WORK ITEM.
Would you output all the lines below precisely as they stand, leaving each picture out?

COLLECTED MATERIAL.
=====
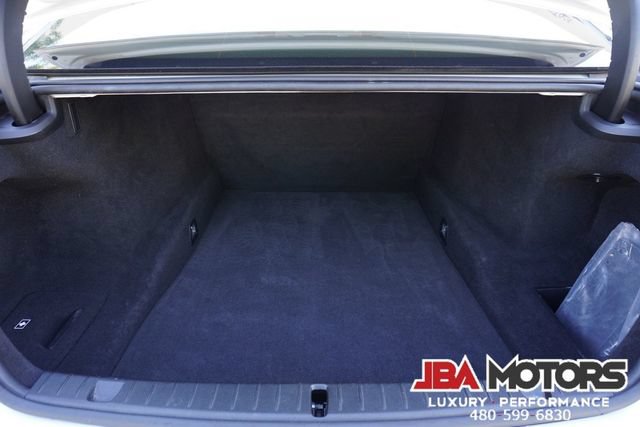 Used 2018 BMW 750i RWD image 28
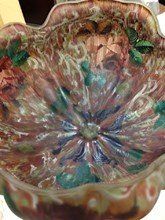 Art Glass Lamp Zoom In — Ft. Myers, FL — Gannon’s Antiques and Art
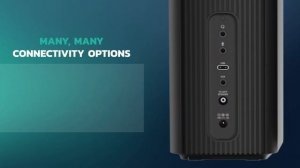 Creative T60 - Compact Hi-Fi 2.0 Desktop Speakers with SmartComms Kit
=====
RESULT FOR THIS TASK.
 Used 2018 BMW 750i RWD image 28
 Art Glass Lamp Zoom In — Ft. Myers, FL — Gannon’s Antiques and Art
 Creative T60 - Compact Hi-Fi 2.0 Desktop Speakers with SmartComms Kit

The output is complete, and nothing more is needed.